By Shawn Gelsinger, Senior Manager, Quality Operations
In November, after a long journey, I finally became a bone marrow donor.
I wanted to share some insights on what led me to bone marrow donation with the hope that others interested in donating will learn something from my positive experience and that I can help remove some of the doubts and fears that have prevented them from becoming a person who says “yes” to bone marrow donation.
My journey to becoming a donor began four years ago, when I saw an internet post of a guy holding a bag of what looked like blood while smiling in a big, comfortable chair. As I read the post I learned that the bag was full of bone marrow – and not normal blood, which confused me. I’ve watched the television shows Grey’s Anatomy and House, so clearly, I’m a “medical expert,” and I know that bone marrow transplants involve a lot of pain and getting jabbed in the hip with a giant needle to suction the marrow out, right?
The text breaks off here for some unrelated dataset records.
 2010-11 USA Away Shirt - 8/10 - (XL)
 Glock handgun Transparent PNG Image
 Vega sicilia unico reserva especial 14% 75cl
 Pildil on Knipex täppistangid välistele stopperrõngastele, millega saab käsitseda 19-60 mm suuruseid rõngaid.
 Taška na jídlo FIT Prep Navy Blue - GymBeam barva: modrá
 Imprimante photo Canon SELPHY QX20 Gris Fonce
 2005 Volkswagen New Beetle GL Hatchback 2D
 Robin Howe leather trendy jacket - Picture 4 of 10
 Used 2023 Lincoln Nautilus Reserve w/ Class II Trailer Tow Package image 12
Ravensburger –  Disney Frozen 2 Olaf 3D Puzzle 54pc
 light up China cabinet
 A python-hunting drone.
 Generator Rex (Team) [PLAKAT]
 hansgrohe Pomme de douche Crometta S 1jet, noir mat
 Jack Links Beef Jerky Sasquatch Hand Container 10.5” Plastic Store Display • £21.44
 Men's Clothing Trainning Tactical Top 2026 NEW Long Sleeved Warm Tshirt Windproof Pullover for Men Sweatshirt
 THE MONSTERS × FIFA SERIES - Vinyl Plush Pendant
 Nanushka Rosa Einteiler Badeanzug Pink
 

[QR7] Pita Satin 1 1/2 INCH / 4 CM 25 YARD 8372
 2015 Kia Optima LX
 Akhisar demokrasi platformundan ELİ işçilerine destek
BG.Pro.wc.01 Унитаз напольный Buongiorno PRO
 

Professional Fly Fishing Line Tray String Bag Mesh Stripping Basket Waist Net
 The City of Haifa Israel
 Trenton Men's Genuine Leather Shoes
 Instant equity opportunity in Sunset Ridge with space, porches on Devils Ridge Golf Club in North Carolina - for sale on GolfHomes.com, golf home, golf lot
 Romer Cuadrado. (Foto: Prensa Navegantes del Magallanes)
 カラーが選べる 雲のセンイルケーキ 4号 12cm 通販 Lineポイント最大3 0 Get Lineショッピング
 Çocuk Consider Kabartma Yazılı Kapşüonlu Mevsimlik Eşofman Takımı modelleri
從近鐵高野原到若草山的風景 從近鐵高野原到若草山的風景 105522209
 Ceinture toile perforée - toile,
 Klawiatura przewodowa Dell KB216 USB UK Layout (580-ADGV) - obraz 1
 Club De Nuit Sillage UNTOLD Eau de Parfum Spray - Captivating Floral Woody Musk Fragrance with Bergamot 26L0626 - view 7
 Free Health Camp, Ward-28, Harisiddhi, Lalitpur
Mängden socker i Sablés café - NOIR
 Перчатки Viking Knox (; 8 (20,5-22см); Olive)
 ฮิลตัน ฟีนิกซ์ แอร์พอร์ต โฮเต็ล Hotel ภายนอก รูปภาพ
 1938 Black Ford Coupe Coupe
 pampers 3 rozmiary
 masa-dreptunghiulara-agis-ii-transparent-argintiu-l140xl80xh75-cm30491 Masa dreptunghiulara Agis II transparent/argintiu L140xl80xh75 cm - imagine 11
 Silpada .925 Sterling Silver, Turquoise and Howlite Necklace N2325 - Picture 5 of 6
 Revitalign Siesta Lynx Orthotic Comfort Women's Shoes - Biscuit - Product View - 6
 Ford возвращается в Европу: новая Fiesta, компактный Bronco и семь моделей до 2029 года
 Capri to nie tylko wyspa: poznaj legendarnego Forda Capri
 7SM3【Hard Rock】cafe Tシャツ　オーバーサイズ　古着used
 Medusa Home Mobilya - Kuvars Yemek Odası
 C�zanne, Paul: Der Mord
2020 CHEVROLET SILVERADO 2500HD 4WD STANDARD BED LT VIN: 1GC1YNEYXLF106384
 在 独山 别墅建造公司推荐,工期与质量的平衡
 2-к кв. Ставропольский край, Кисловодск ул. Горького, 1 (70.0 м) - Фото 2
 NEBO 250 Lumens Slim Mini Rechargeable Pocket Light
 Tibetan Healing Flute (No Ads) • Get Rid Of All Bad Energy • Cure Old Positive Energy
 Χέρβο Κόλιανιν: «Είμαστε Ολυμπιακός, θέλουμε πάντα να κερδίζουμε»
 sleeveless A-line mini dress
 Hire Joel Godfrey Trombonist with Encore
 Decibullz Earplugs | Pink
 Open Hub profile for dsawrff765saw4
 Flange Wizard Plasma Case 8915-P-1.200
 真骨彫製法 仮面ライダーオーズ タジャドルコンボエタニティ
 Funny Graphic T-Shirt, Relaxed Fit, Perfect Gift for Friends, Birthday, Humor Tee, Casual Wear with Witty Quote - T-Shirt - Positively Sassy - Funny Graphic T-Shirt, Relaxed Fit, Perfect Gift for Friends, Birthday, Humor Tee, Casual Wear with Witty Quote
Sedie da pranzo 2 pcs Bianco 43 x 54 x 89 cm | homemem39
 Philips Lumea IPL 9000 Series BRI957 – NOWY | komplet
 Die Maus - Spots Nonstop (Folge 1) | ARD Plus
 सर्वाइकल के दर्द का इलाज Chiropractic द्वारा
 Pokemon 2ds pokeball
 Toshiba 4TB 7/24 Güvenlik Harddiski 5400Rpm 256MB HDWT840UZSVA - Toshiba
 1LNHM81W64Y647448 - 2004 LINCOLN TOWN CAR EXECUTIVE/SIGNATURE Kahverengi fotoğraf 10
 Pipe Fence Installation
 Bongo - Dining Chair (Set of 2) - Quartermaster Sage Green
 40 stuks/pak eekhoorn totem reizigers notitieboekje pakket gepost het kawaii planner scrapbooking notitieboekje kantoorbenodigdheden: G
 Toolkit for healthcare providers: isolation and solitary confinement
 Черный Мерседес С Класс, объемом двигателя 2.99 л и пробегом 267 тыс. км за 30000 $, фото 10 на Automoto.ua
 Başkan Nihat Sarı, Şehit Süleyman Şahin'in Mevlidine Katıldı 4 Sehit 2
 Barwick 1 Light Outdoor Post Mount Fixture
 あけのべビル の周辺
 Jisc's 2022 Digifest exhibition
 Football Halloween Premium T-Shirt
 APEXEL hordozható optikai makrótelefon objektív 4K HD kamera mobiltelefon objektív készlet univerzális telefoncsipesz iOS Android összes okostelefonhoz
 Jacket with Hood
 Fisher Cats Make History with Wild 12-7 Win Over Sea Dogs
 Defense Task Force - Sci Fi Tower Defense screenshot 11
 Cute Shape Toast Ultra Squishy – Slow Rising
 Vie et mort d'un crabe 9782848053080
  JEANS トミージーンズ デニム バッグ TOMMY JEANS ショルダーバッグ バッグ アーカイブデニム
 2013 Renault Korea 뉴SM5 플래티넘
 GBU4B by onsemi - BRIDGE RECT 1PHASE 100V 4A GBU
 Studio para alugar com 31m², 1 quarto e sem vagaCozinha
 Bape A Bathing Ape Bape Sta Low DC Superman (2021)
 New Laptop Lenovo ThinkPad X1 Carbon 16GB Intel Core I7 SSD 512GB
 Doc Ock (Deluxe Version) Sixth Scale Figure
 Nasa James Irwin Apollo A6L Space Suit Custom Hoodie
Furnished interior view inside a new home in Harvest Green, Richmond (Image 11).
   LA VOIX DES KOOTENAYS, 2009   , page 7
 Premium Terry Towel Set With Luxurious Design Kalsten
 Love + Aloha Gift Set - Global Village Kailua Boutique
Boy was I wrong! The guy I mentioned earlier actually had a small needle in his arm while his blood circulated through a machine that extracted stem cells that would be used for the bone marrow transplant. After reading the post I thought to myself, “if my cells match someone who has no other medical options, what good does it do if they are only in my body? How does that make the world a better place?” I felt a strong moral obligation, so I signed up to be a donor through the National Marrow Donor Program and the Be The Match registry.
I learned that the odds of getting matched with someone are low and most people on the marrow registry are never matched. I wasn’t expecting to get the call, however, I always knew I would say “yes” if given the chance.
Only four weeks after I signed up, I was surprised to receive that call. I was amazed at how quickly it happened. However, that donor opportunity was derailed when the doctor involved decided to pursue a different treatment plan, which is always a possibility. I was pretty bummed and couldn’t help but wonder if the patient was okay or if the prognosis had taken a turn for the worse.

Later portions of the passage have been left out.